America’s former Vice President Dick Cheney was unrepentant in a televised interview about the Central Intelligence Agency’s (CIA) use of torture to extract information out of suspected terrorists in a network of secret dungeons in what amounts to a gulag archipelago in countries scattered through Eastern Europe and South Asia.
The torture occurred under the Bush-Cheney administration that left power in January 2009, and was detailed in a bombshell 600-page report released by the US Senate last week. Despite the worldwide revulsion, Cheney said he’d “do it again”.
Appearing on the US TV network NBC’s “Meet The Press”, an unusually combative host Chuck Todd asked Cheney to account for the death of a detainee who was innocent, but was “chained to the wall of a cell, doused with water, froze to death in CIA custody.”
“And it turned out it was a case of mistaken identity,” Todd said.
“I’m more concerned with bad guys who got out and released than I am with a few that in fact were innocent,” Cheney replied, spitting in the face of American founding father John Adams, the first Vice President and second President of the United States. In 1770, Adams wrote:
“It is more important that innocence be protected than it is that guilt be punished, for guilt and crimes are so frequent in this world that they cannot all be punished.
But if innocence itself is brought to the bar and condemned, perhaps to die, then the citizen will say, ‘whether I do good or whether I do evil is immaterial, for innocence itself is no protection,’ and if such an idea as that were to take hold in the mind of the citizen that would be the end of security whatsoever.”
Adams was echoed by his fellow Founding Father, Benjamin Franklin (the guy on the US$100 Bill) who increased it tenfold by saying, “It is better 100 guilty persons should escape, than that one innocent person should suffer.”

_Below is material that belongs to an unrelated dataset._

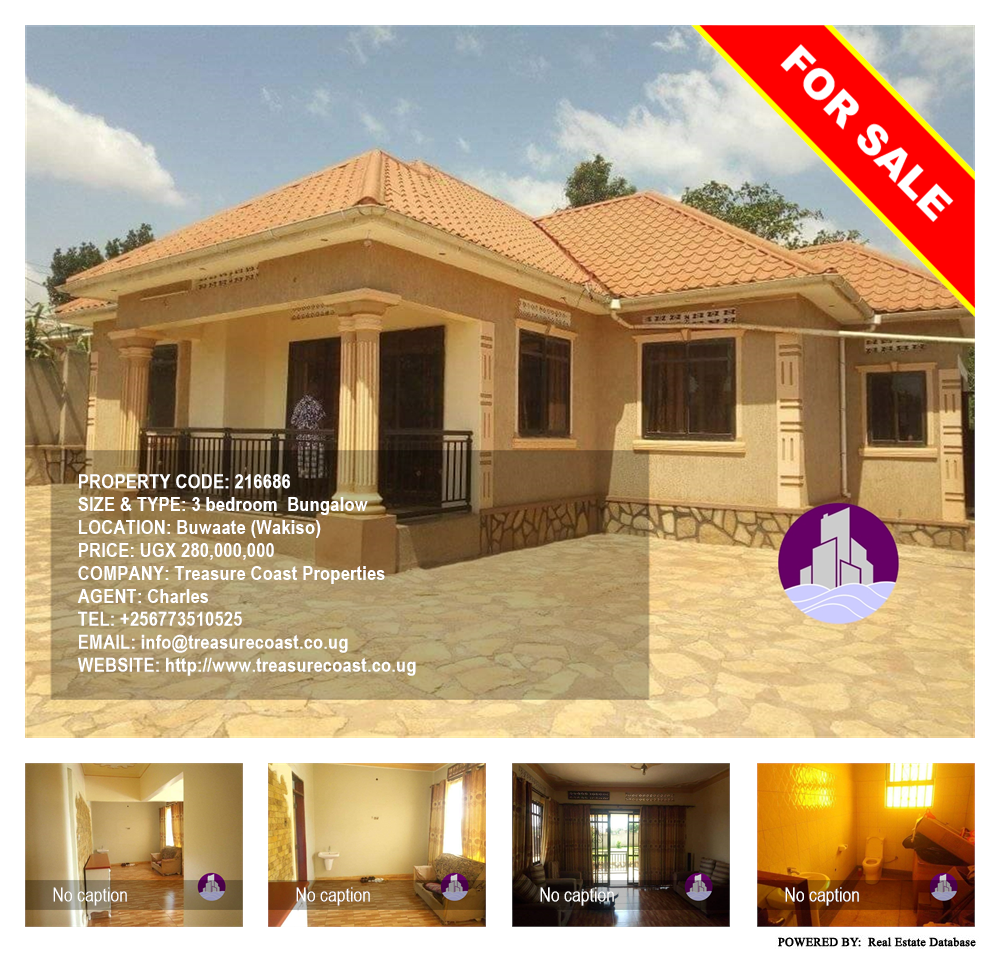 3 bedroom Bungalow  for sale in Buwaate Wakiso Uganda, code: 216686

Adams and Franklin were smart guys, but they didn’t just pull this out of the air. It’s the basis of Blackstone’s Ratio, the Anglo legal principle that says, “It is better that ten guilty persons escape than that one innocent suffer,” a school of thought that goes all the way back to the Old Testament (Genesis 19:27-29, Exodus 23:7). Old school.

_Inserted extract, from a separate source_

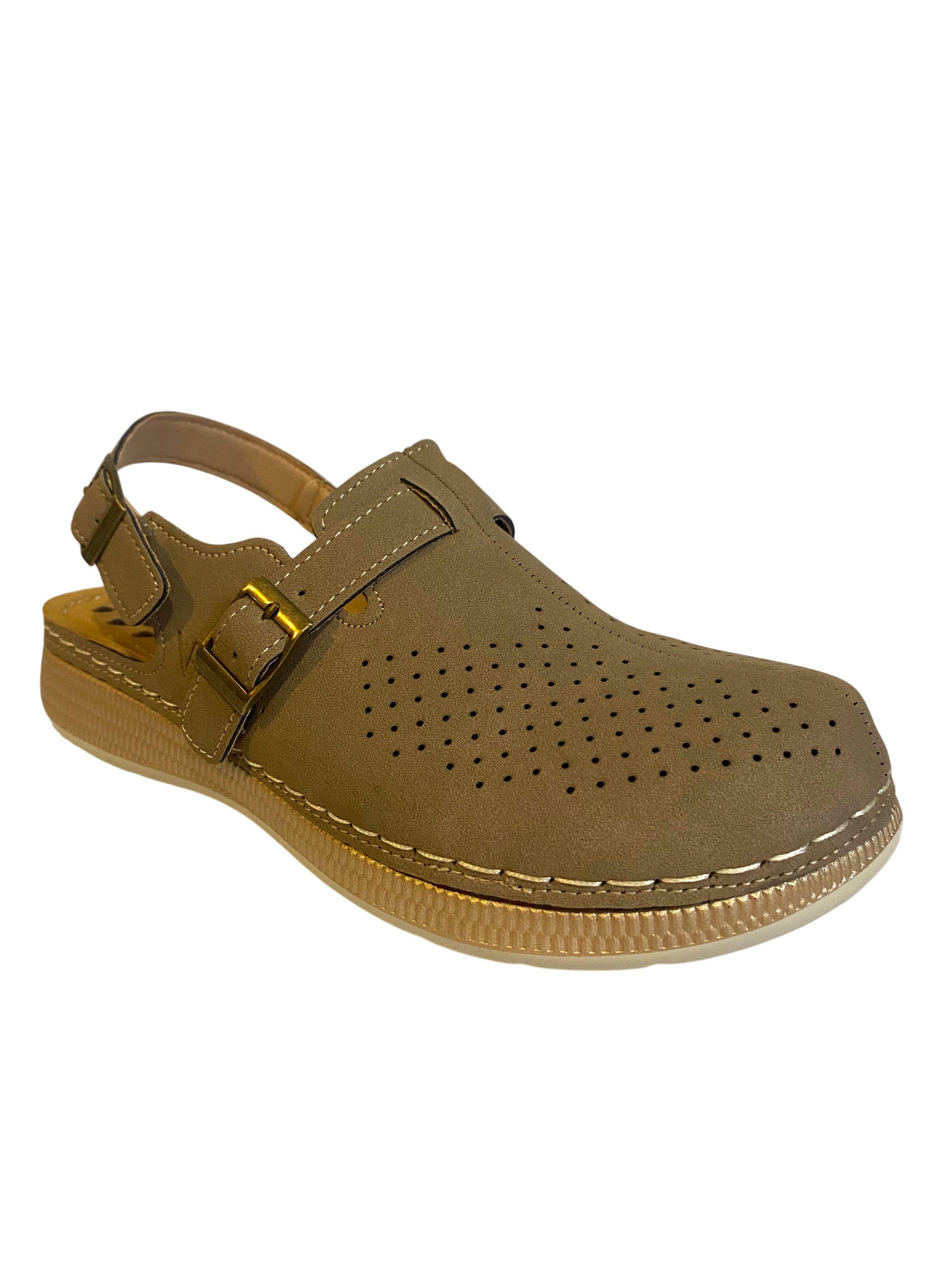 Sandalia Cazaro Beige Via Rosmini-1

Cheney’s rejection of this basic principle removes him from the fellowship of America’s Founding Fathers and puts him in league with Cambodia’s genocidal tyrant Pol Pot, who wrote in his version of the “little red book” that it is perfectly acceptable to make innocent people suffer injustice and die to avoid freeing the guilty.
NBC’s Todd reminded Cheney that a quarter of those people subjected to CIA torture were innocent.
“I have no problem as long as we achieve our objective. And our objective is to get the guys who did 9/11 and it is to avoid another attack against the United States,” Cheney responded.
BTW, America “got” the guy who “did 9/11” when President Barack Obama okayed the US Navy SEAL Team mission that ended in the death of al Qaeda leader Osama bin Laden on 2 May 2011 – Two years and four months after the Bush-Cheney regime was out of power.
Cheney also defended the bizarre practive of so-called “rectal feeding” of terror suspects – in which CIA agents took pureed food in forced feeding bags, and shoved it up the butts of the people they interrogated – claiming it was done for “medical reasons”.